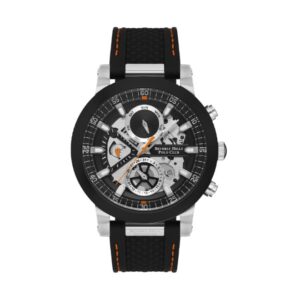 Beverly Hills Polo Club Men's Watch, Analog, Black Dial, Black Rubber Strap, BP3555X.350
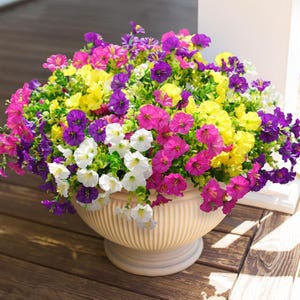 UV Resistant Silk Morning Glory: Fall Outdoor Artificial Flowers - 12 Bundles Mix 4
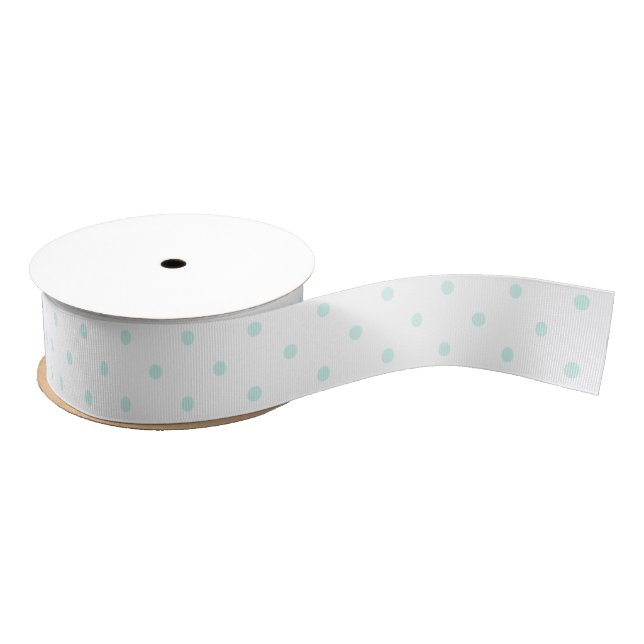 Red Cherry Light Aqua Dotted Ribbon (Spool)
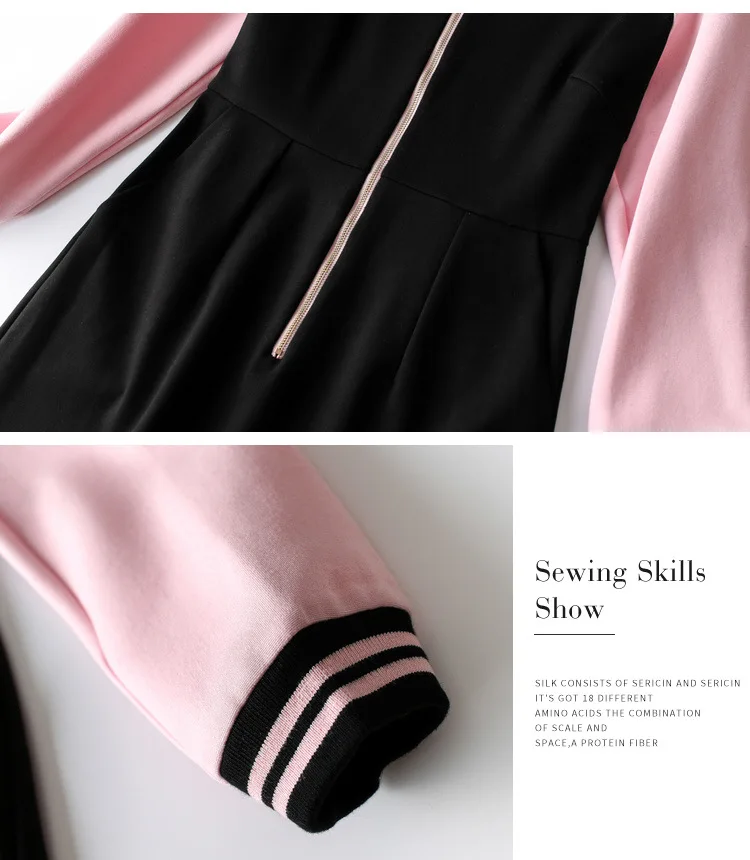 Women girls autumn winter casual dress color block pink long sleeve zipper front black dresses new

************

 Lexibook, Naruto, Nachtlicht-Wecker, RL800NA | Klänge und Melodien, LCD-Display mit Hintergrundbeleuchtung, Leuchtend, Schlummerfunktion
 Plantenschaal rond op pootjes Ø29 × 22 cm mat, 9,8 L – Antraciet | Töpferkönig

************

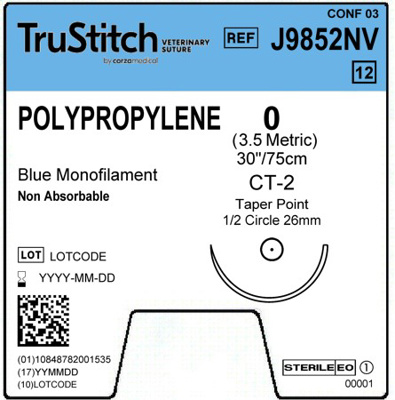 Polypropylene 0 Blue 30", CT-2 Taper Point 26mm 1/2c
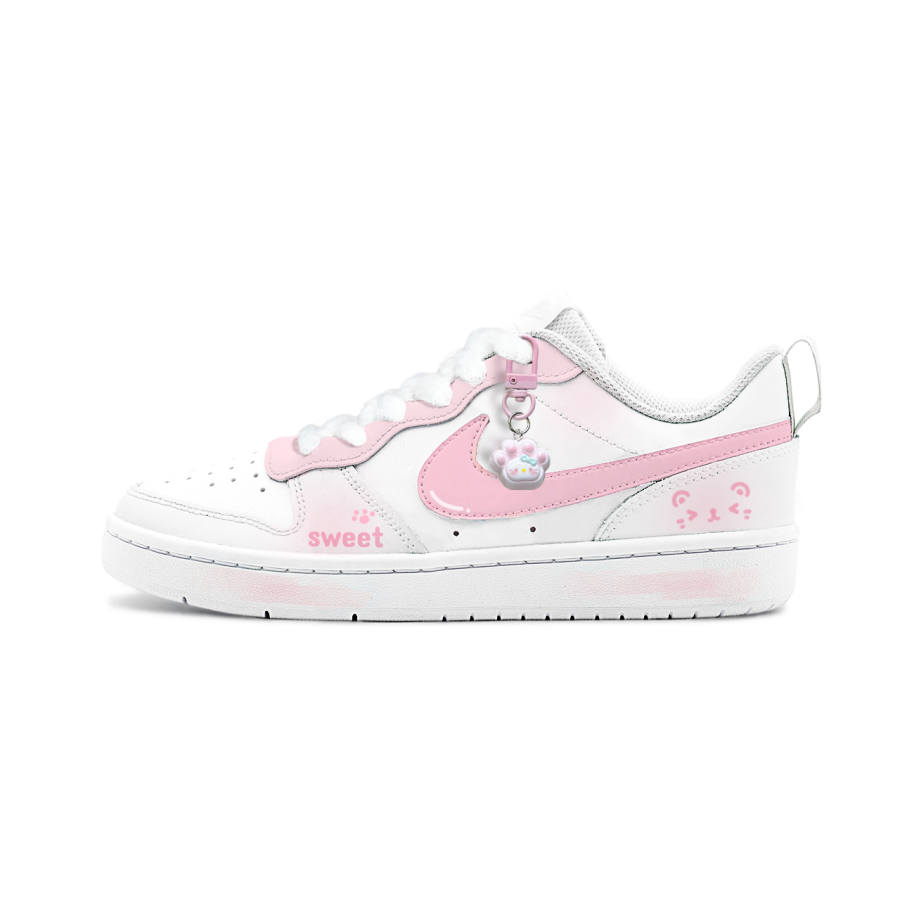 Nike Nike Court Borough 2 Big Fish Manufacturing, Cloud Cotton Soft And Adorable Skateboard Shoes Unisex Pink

************

What you have to do: Text only, no pictures: please print exactly the lines above from the line with "Beverly Hills Polo" up to and including the line with "Red Cherry Light Aqua Dotted Ribbon (Spool)", and nothing else.

Solution for this task:
 Beverly Hills Polo Club Men's Watch, Analog, Black Dial, Black Rubber Strap, BP3555X.350
 UV Resistant Silk Morning Glory: Fall Outdoor Artificial Flowers - 12 Bundles Mix 4
 Red Cherry Light Aqua Dotted Ribbon (Spool)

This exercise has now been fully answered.